Petkov also complained that the media had been tipped off to be present over what was supposedly a “secret” investigation.
Earlier, the leader of Bulgaria Without Censorship, Nikolai Barekov, hurled various allegations of vote-buying against a number of other rival parties, although the former talk show host has so far offered no proof. His main allegation about vote-buying has been against ABC. This week, in a television interview, ABC leader Purvanov called Barekov “a common liar”.
In this election, I have heard about 10 lies on the topic of energy, the leader of centre-right party GERB, Boiko Borissov, said.
“I have heard the lie that Belene (nuclear power station) will be built, heard the lie that South Stream will go ahead, and to my delight heard also that it will convey Bulgarian gas. Every day there is talk about the price of electricity, that it will be reduced or not increase – an absolute lie,” Borissov said. “The fact that they do not want to give the financial statements of the National Electricity Company or the Bulgarian Energy Holding does not allow people to learnt the truth,” Borissov said.
From the South Stream project, the energy mafia represented by hundreds of Bulgarian-Russian companies in the sector are gaining, Radan Kanev, spokesperson for the centre-right Reformist Bloc said in an interview with bTV.
The intersection between foreign influence and Bulgarian policy was to be seen in the influence on the State Energy and Water Regulatory Commission, Kanev said.
On May 16, the Reformist Bloc showed what it said was correspondence between the Bulgarian Energy Holding and the Economy Ministry that proved that the changes to legislation on South Stream came from Russia.
“This is perhaps the biggest corruption affair in Bulgarian history,” Kanev said. “There is no other case in which a foreign company or foreign country provide laws to an independent country. The dangerous thing is that the political will of Bulgaria is not decided by its government,” he said.
Young people dressed up as Tsar Simeon the Great and his queen received Bulgarian Socialist Party leader Sergei Stanishev when he visited Veliki Preslav, one of Bulgaria’s former capitals.
Costumed in what was claimed to be the authentic clothing of the period, “Tsar Simeon” told Stanishev that it was a joy to meet him in a part of Bulgaria in which part of the great history of the country had been preserved, according to a statement by the BSP.

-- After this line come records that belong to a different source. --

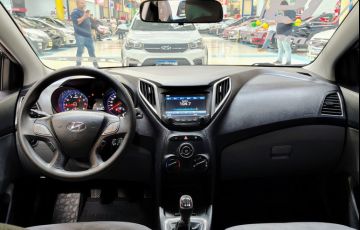 Hyundai Hb20s 1.6 Comfort Plus 16v - Foto #4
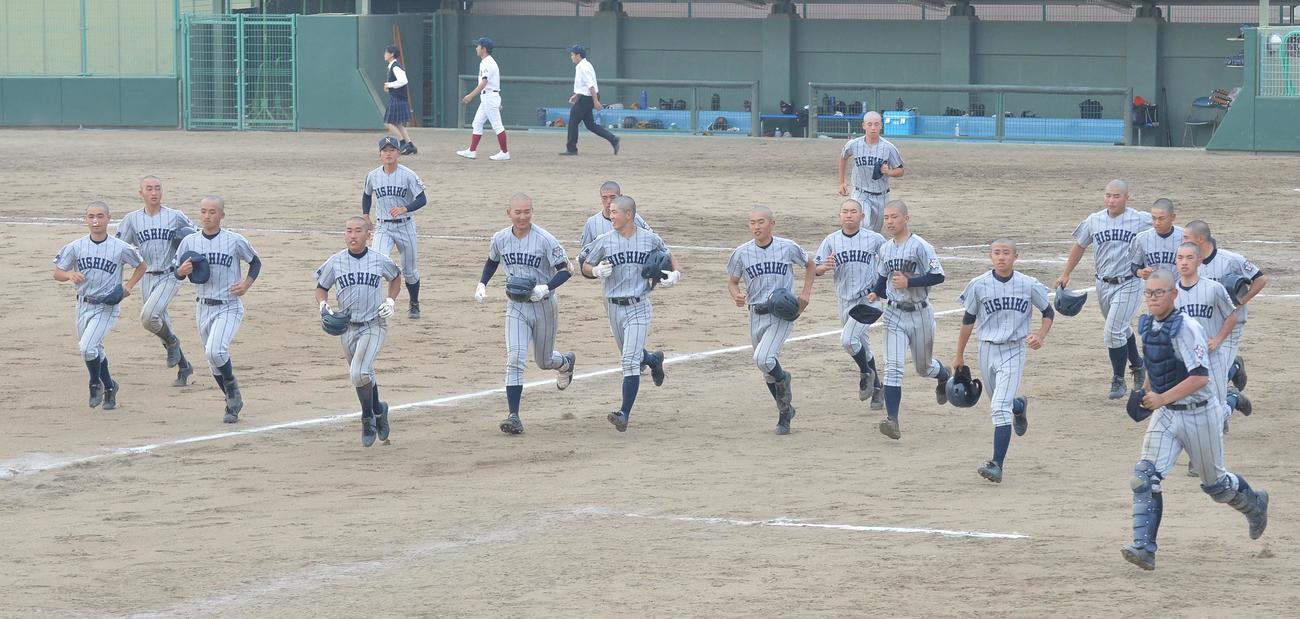 5厘刈りで臨み、初戦を突破した福島西ナイン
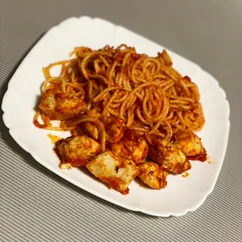 Паста 🍝 в томатном соусе с курицей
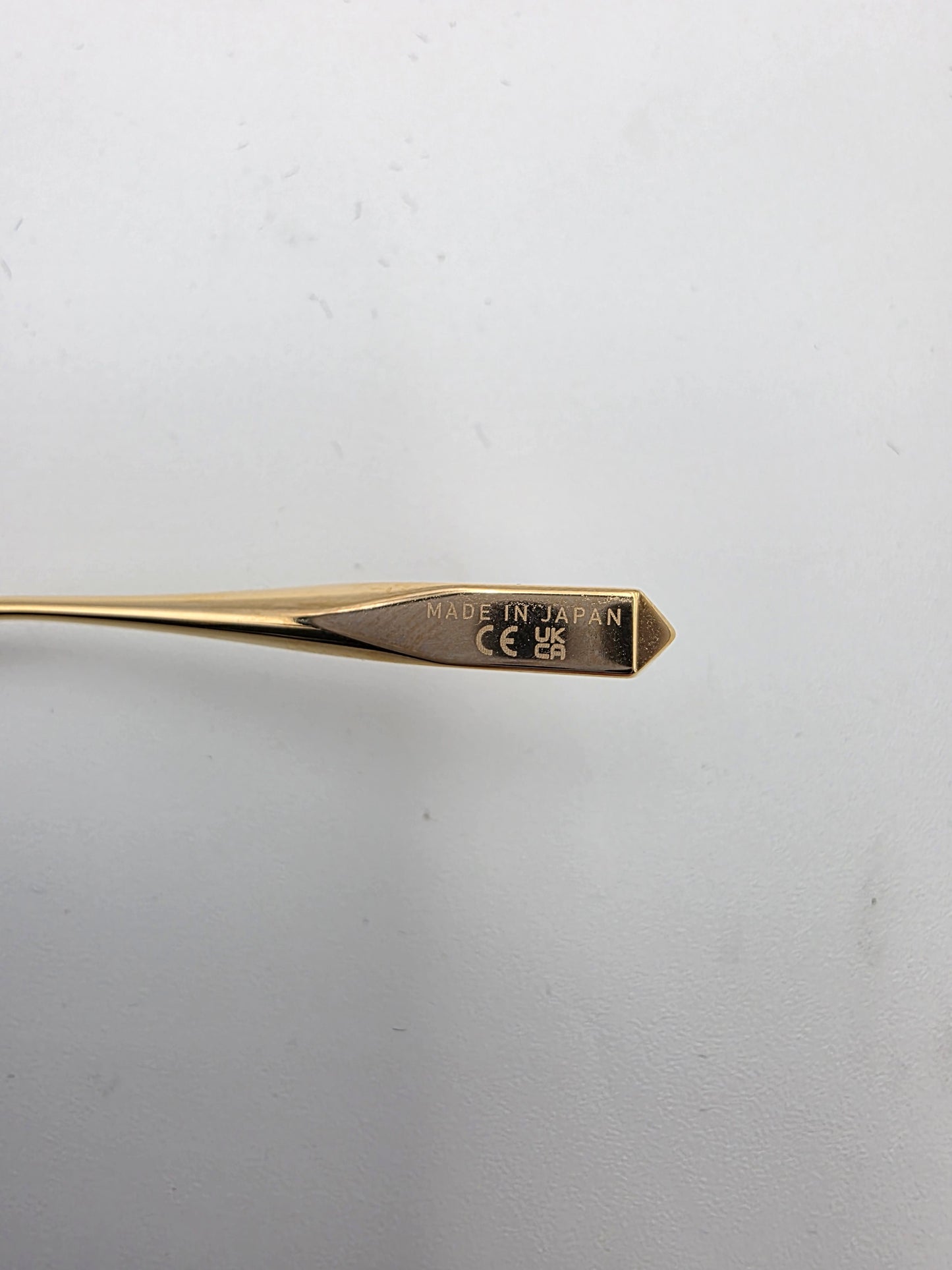 Valentino VLogo Sign VLS-135B-61 Low-Profile Cat-Eye Sunglasses in Light Gold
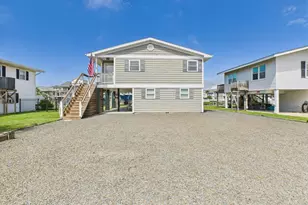117 Salisbury St, Holden Beach, NC 28462 - Photo 2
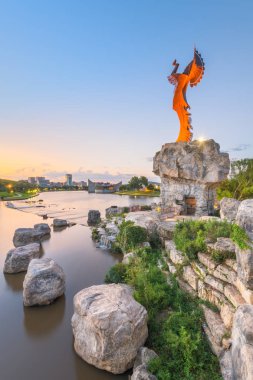 Wichita, Kansas - Augus 31, 2018: Arkansas ve Arkansas Nehri downtown Wichita şafakta yakınındaki Plains bekçisi, izdiham. 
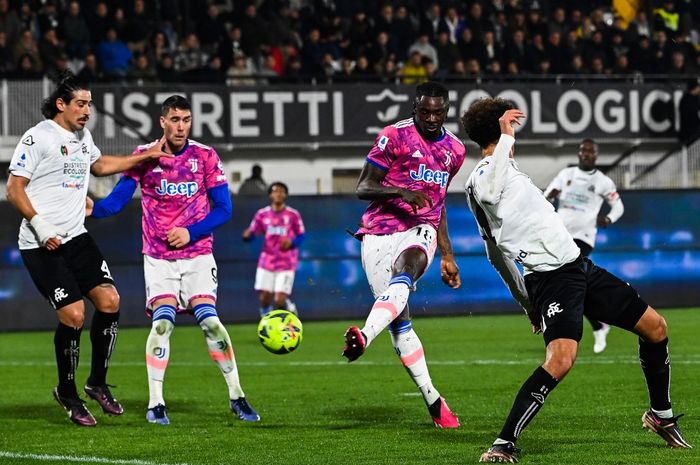 Juventus berhasil memetik kemengan 2-0 atas Spezia pada lanjutan laga Liga Italia 2022-2023 melalui gol-gol Moise Kean dan Angel Di Maria.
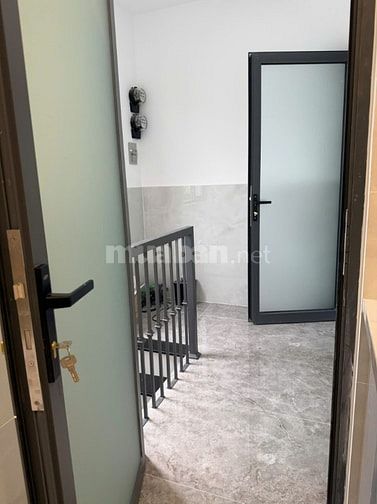Bán nhà MT Lê Hồng Phong Q.5 - 48m2 - 2 tầng chỉ 8 tỷ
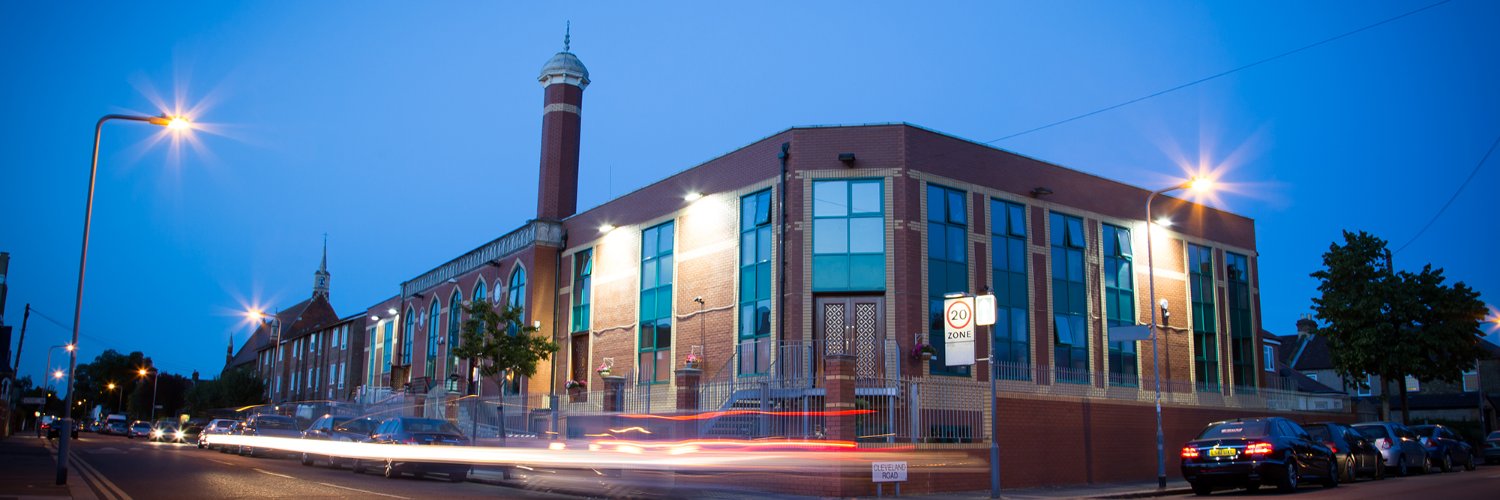 ilfordmosque's profile banner image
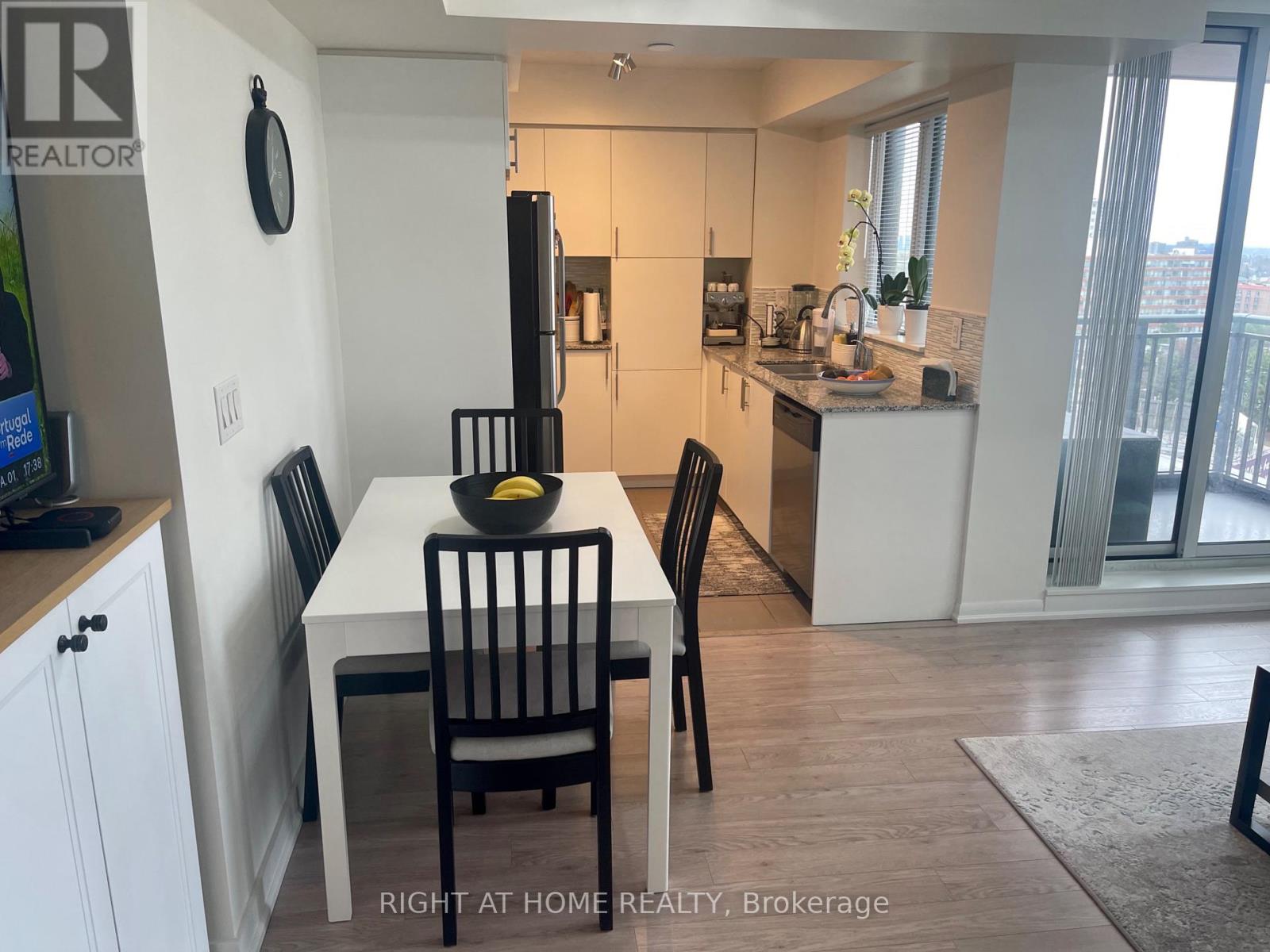 1117 - 800 Lawrence Avenue W, Toronto, Ontario  M6A 0B1 - Photo 7 - W12948264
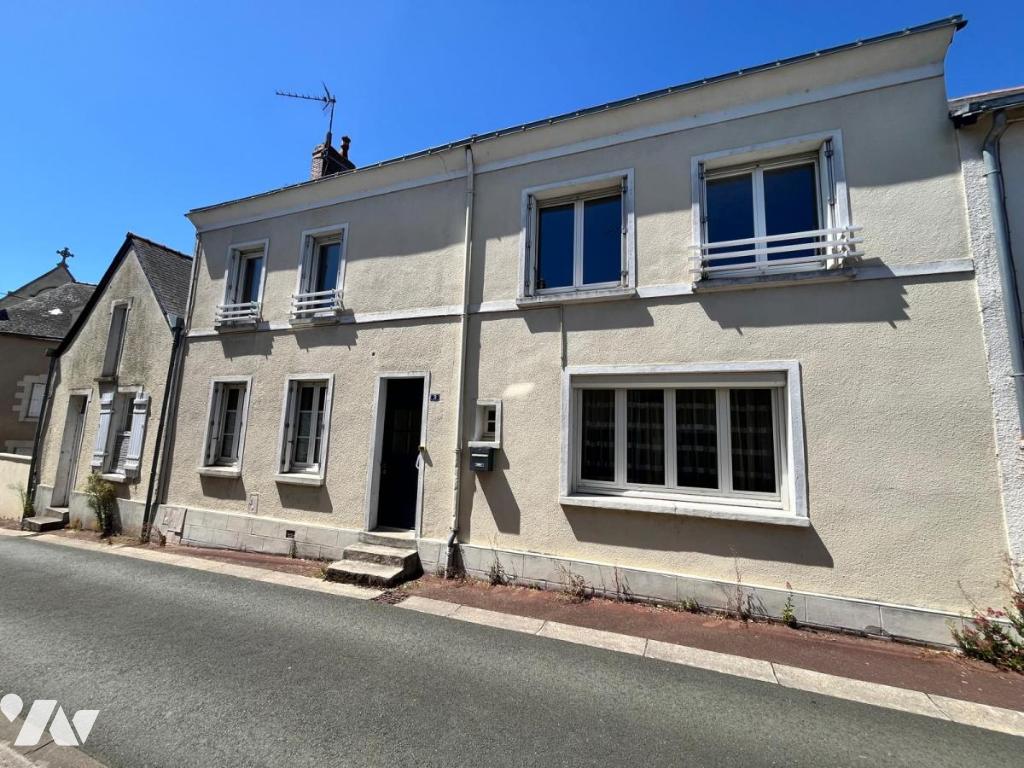 Maison 5 pièces 114 m² · à Cantenay-Épinard · 113,8 m² · 200 000 €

“A year ago, we promised that we will overcome the fear, that we will restore the state, that the state will once again be returned to the Bulgarians. But I see that many people say, what if the previous government comes back? So let us defeat the fear on May 25,” Stanishev said.
Simeon Saxe-Coburg, the former monarch who was Bulgaria’s prime minister from 2001 to 2005, eventually stepping down as leader of the party formed around him after its most recent electoral defeat, said on his website, “If a European federation is a functioning formula, why should we be scared?”
In his note on his website, Saxe-Coburg called on Bulgarians to vote in their numbers on May 25.
“I know that many people bristle at the mere mention of a federation. But if that is the formula that works, why should we raise national sovereignty to a cult?”
Saxe-Coburg said that voter turnout on May 25 would be test for a Europe that was seeking a greater legitimacy, “and therefore the number of votes is significant not only for the results, but also the implications”.
Saxe-Coburg’s former party, which won a decisive victory in Bulgaria’s June 2001 national parliamentary elections, currently has no seats in the National Assembly and is seen in all polls as having no chance of returning to the European Parliament.